I have learnt a lot in these 5 years, not least that transformation in life involves sacrifice. To undertake any journey of transformation you must accept the loss of the certainty of who you are to move into the possibility of who you are becoming. My ego has fought me every step of the way. With time, I came to understand that underneath that ego was grief and fear. The grief was for the life I had, for what I was giving up. I deeply felt the loss of my previous identity and career path, of a community of colleagues I liked and of an industry in which my reputation was established and solid. I didn’t notice the grief at first. When you are going through a change of this magnitude, you don’t have the capacity to notice everything that is happening internally.
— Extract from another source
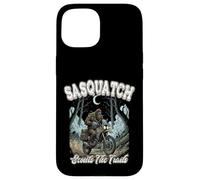 Sasquatch Scouts The Trails Funny Bigfoot Motocicleta de equitación Carcasa para iPhone 15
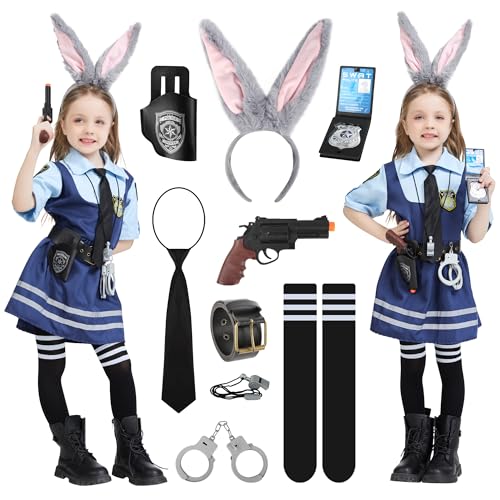 BuntWunder Disfraz Policia Conejo Niña con Orejas de Conejo Funda, Esposas, Pplaca de Policía Silbato Calcetines, Juguete de Policía para Carnaval Halloween Fiesta (110)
It is only in the last year as I have become more and more solid in my new identity, I could acknowledge the sense of loss I felt.
Fear, on the other hand, has become something I welcome more of in my life. Previously, I was not afraid. I had been playing it safe and I knew it. In the last 5 years, I have realised fear is good for me. The goal should never be to overcome fear but to be in better relationship with your fear. When you try to suppress fear or live without it, it makes you smaller. If you engage with it, it provides a helping hand to become larger. Today when I am afraid, I go in the direction of my fear. It is my compass, pointing me towards what internally I must overcome to evolve. It helps me understand where I still hold myself back. It pushes me to become ‘more’.
Transformation comes for us all. The choice is only whether you accept that call or not. We all experience those moments when something has stirred inside us. They feel absolutely terrifying. But these moments are a gift. A signal from your inner world telling you it is time to embrace change. That something new is ready. In the end, it doesn’t matter if the change succeeds or not. The ultimate prize is how change helps you experience life and become a more fully expressed version of who you can be.